»»
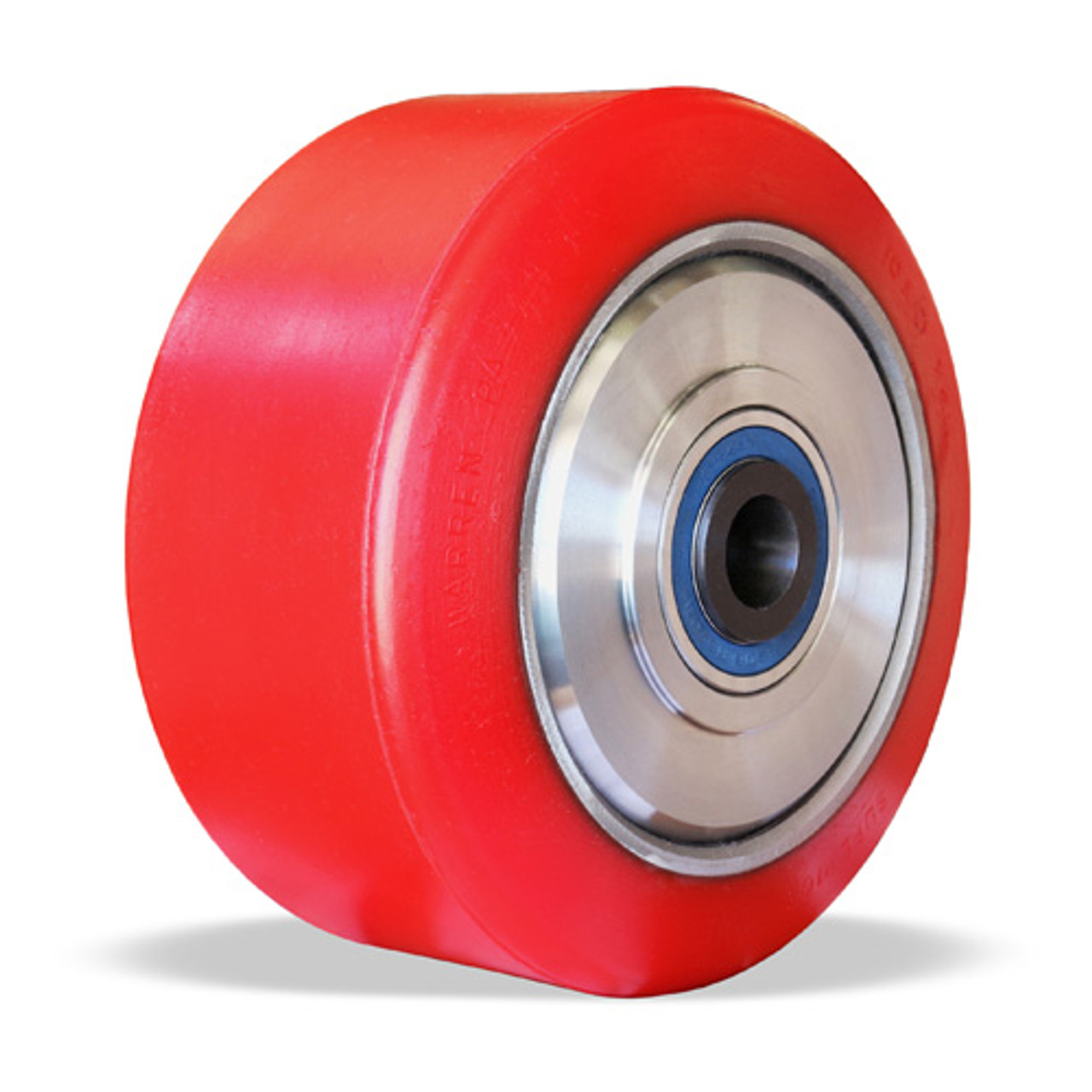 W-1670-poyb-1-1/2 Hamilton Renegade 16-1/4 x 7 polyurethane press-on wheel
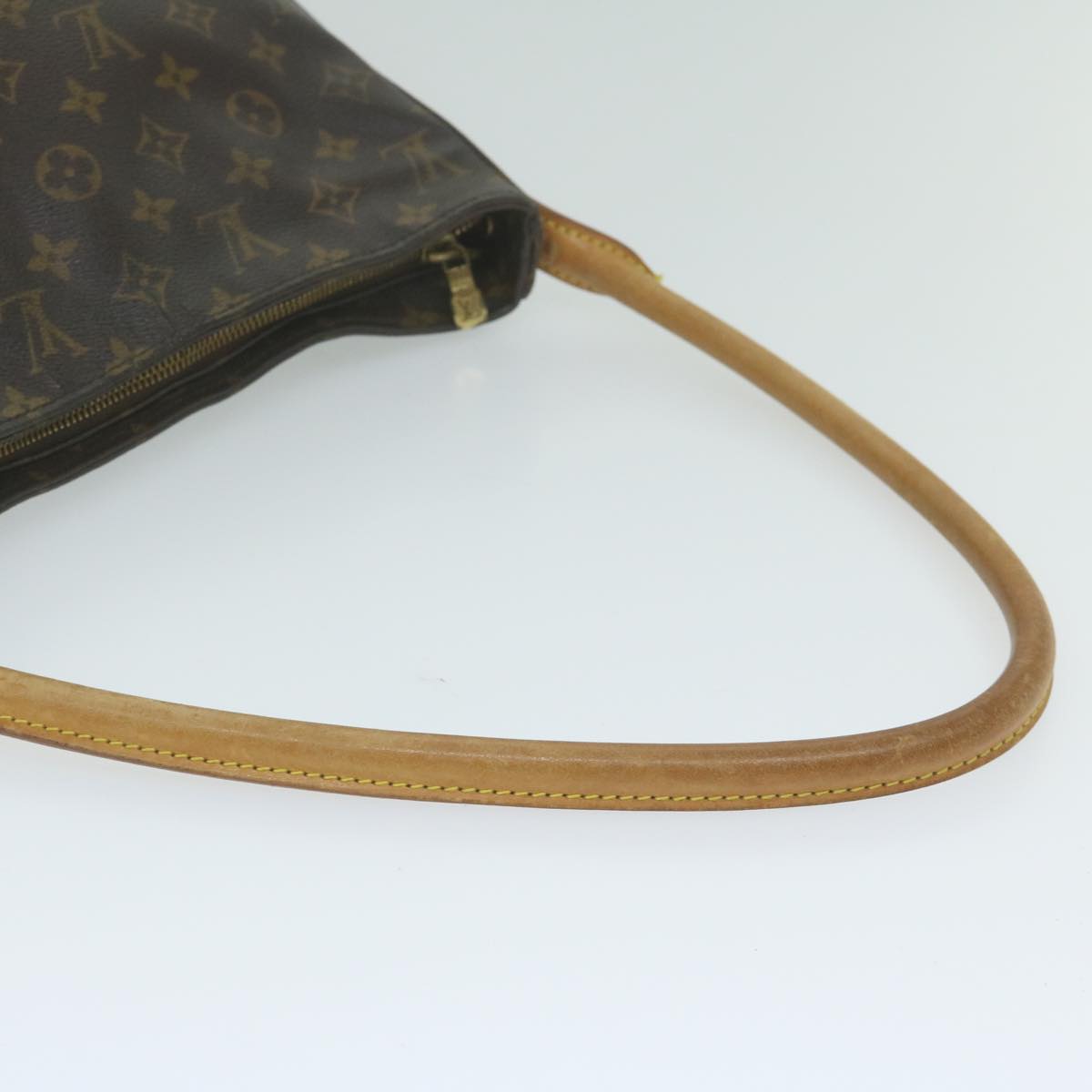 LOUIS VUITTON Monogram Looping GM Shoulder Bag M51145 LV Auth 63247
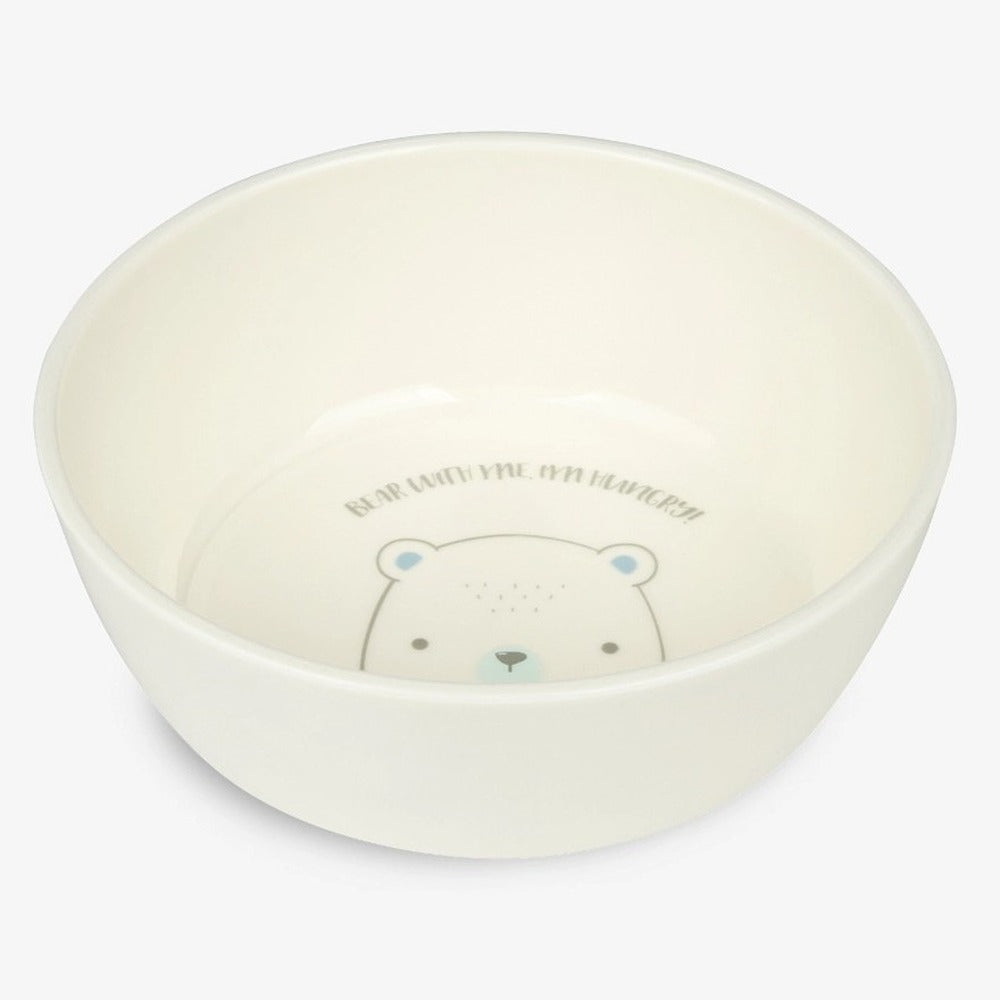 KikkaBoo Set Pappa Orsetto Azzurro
««
Problem -> Output all of the data above exactly; no pictures should appear.

Output of the exercise ->
 W-1670-poyb-1-1/2 Hamilton Renegade 16-1/4 x 7 polyurethane press-on wheel
 LOUIS VUITTON Monogram Looping GM Shoulder Bag M51145 LV Auth 63247
 KikkaBoo Set Pappa Orsetto Azzurro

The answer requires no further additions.